The Board is also required to comply with the conflict of interest provisions of relevant corporate and securities regulation in order to ensure that directors exercise independent judgment in considering transactions and agreements in respect of which a director or officer has a material interest.

Transactions with Related Persons

The following includes a summary of transactions since August 1, 2015, or any currently proposed transaction, in which the Corporation was or is to be a participant and the amount involved exceeded or exceeds US$120,000 and in which any related person had or will have a direct or indirect material interest (other than compensation described in Item 11 – Executive Compensation).  The Corporation believes the terms obtained or consideration that it paid or






received, as applicable, in connection with the transactions described below were comparable to terms available or the amounts that would be paid or received, as applicable, in arm’s-length transactions.

·

During the year ended July 31, 2016, the Corporation paid salaries of $5,000 (2015 - $Nil) to its Chief Executive Officer.

·

During the year ended July 31, 2016, the Corporation paid consulting fees of $30,000 (2015 - $19,203) to its former Chief Executive Officer, and $18,000 (2015 - $Nil) to its Chief Financial Officer.

·

As at July 31, 2016, the Corporation had recorded loans from related parties of $43,214 or US$33,099 (2015 - $87,105 or US$67,100) representing advances made by two former directors and officers.  The advances are due on demand without interest.

·

As at July 31, 2016, $25,494 (2015 - $11,313) in accounts payable and accrued liabilities is due to current and former officers and companies controlled by directors and officers of the Corporation.  Of this amount, $Nil (2015 - $604) represents advances made by Skanderbeg Capital Partners Inc., a company that advised the Corporation’s management and performed promotional work for the Corporation (“ Skanderbeg ”).  Skanderbeg made payments on behalf of the Corporation until such time as it was able to complete a financing.

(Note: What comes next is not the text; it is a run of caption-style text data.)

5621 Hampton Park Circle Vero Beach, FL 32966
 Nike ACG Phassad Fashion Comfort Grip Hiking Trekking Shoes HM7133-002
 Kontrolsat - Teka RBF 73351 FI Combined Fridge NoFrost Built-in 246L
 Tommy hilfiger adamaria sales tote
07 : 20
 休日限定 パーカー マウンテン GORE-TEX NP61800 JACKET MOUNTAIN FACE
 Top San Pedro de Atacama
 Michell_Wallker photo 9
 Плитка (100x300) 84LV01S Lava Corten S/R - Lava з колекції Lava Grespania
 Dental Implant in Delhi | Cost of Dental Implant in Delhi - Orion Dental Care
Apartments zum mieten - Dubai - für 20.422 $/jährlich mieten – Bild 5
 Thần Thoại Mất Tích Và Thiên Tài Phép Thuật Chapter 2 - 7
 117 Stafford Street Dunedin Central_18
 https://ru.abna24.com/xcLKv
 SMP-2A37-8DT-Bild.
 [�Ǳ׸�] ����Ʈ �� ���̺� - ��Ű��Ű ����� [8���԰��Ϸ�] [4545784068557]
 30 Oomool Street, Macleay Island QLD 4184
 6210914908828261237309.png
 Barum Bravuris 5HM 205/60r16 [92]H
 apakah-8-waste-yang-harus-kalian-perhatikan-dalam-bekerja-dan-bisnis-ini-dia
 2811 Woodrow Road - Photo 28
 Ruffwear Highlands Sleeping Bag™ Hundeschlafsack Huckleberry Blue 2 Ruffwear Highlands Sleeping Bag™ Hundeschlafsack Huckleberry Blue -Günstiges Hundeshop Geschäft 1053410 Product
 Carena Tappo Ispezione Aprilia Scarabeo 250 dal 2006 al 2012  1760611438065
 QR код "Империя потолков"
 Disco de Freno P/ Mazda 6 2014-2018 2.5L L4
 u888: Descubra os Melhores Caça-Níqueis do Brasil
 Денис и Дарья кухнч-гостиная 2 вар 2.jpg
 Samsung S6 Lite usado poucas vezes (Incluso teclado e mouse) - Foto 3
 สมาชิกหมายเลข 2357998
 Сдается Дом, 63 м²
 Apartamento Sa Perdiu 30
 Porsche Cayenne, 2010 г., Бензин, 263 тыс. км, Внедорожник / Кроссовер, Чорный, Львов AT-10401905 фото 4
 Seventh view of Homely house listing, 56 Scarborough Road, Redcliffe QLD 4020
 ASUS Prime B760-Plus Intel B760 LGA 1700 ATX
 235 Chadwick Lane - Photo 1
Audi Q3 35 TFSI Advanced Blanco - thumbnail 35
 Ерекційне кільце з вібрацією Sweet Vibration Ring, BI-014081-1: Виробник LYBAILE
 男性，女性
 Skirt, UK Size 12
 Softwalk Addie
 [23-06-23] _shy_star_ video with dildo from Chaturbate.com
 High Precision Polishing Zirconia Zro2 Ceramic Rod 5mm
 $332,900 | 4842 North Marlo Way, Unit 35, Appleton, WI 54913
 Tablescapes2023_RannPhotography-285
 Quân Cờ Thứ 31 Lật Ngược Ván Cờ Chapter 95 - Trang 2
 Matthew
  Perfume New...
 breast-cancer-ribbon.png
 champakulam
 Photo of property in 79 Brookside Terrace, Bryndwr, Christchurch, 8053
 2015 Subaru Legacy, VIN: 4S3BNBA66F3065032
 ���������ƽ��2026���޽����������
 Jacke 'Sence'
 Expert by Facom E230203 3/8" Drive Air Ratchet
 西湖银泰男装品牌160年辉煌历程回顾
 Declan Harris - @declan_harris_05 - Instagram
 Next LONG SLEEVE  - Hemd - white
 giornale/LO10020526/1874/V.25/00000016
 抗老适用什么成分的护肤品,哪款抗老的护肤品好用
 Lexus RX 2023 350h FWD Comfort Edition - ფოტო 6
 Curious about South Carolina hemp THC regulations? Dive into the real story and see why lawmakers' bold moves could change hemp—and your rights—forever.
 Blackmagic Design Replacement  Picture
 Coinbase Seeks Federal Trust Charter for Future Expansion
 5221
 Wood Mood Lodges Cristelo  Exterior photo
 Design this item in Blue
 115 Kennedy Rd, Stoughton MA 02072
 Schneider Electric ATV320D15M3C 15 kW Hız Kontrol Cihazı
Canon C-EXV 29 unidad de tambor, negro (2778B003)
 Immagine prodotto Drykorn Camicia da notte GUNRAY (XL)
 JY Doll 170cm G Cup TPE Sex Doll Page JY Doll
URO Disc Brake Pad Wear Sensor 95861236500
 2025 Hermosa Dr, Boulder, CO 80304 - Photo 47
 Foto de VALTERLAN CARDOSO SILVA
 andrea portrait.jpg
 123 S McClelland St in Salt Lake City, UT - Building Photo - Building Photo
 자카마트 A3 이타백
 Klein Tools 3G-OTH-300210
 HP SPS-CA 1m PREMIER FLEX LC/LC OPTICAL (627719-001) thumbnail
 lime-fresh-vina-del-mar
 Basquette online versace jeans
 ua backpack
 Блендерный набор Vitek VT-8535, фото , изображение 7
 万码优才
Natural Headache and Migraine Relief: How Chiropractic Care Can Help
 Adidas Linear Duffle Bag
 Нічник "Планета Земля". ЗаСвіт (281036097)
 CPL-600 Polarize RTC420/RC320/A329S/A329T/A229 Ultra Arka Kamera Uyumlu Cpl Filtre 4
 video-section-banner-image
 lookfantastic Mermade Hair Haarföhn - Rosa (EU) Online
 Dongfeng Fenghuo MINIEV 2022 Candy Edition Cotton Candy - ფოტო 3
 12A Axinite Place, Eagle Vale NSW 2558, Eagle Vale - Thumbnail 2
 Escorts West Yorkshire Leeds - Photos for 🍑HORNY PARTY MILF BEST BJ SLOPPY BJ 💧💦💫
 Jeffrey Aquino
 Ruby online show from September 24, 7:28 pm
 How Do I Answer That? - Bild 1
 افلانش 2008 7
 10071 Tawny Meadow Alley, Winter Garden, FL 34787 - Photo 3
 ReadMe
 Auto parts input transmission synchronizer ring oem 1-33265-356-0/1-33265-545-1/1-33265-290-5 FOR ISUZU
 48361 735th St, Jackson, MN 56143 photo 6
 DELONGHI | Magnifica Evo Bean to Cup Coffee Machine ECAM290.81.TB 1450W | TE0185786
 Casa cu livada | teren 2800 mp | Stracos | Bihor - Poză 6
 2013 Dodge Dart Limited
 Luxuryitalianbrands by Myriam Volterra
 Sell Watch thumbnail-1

Included in general and administration expenses for the year ended July 31, 2016 is rent of $7,128 (2015 - $5,042) paid to Skanderbeg.

Item 8.  Compensation of Directors and Officers.

See the “Statement of Executive Compensation” section in the Information Circular.

Item 9.  Independent Public Accountants.

See the “Audit Committee and Relationship with Auditor” section of the Information Circular.  Representatives of the Registrant’s principal accountant are not expected to the present at the Meeting; however, if they are, they will have the opportunity to make a statement if they desire to do so and will be available to respond to appropriate questions.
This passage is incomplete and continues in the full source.